For closed models that can be accessed through API

  1. Place code under model/closed/ (see model/closed/gemini/ as a template).
  2. Export your init/process functions from model/open_model/__init__.py.
  3. In model/__init__.py, add a new model_init branch (lines ~82–111) returning client, ....
  4. Extend model/__init__.py processing (lines ~228–277) to call your model_process(client, video, audio, ...) and return a text answer. Here we have three paths for you to choose: new_video_path (video with no audio), new_audio_path (audio only), and new_combined_path (video with audio).
  5. Register the save logic in main.py:
    elif args.model_name == "your_model":
        print("=" * 5 + "your model" + "=" * 5)
        with open("result/your_model.json", "w") as f:
            json.dump(result, f, indent=2)
        with open(f"record/your_model_record_{args.task_id}.json", "w") as f:
            json.dump(records, f, indent=2)
    

Add your model to the leaderboard

Please send us your inference code with the weight so that we can verify your result!

Outputs

  • Accuracy: result/<model>.json
  • Per-question responses: record/<model>_record_*.json
  • Temporary clips: args.temp_dir (default ./temp, cleaned per question)

We have put the code for Gemini and Qwen 3-Omni 30B for you to replicate. For Gemini, please create an .env file and put the API key there.
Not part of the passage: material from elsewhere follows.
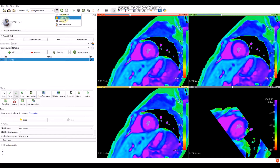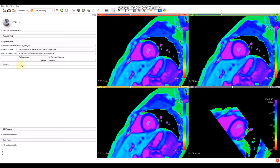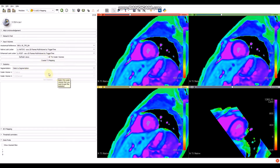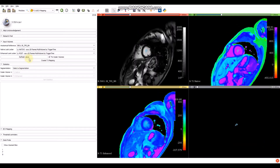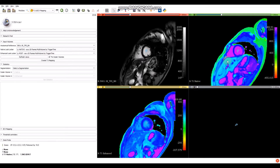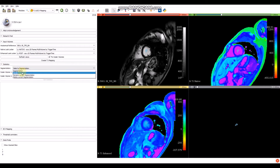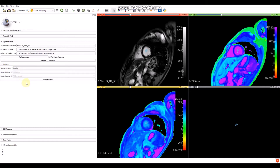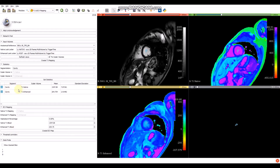Once we have the segmentation, we have to come back to the T1 and ECB Mapping extension in order to assess the statistics. Before doing that, it would be good to check the views and confirm that the ROI in the cavity is within the cavity in the T1 enhanced as well and in the T1 mapping. We can see that the ROI is within the cavity in the T1 enhanced and in the T1 mapping. Remember, we need the T1 values in the cavity. Select the segmentation name and click on 'Get Statistics'. We can see the statistics values for the cavity segment in the T1 native and T1 enhanced volumes.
For Qwen 3-Omni 30B, please download the weight into the corresponding folder.

Citation

If you use this benchmark or code, please cite:

@misc{nguyen2025seehearunderstandbenchmarking,
      title={See, Hear, and Understand: Benchmarking Audiovisual Human Speech Understanding in Multimodal Large Language Models}, 
      author={Le Thien Phuc Nguyen and Zhuoran Yu and Samuel Low Yu Hang and Subin An and Jeongik Lee and Yohan Ban and SeungEun Chung and Thanh-Huy Nguyen and JuWan Maeng and Soochahn Lee and Yong Jae Lee},
      year={2025},
      eprint={2512.02231},
      archivePrefix={arXiv},
      primaryClass={cs.CV},
      url={https://arxiv.org/abs/2512.02231}, 
}

License

This dataset is released under the Creative Commons Attribution–NonCommercial 4.0 International (CC BY-NC 4.0) license. Usage of this dataset requires proper attribution and is restricted to non-commercial purposes.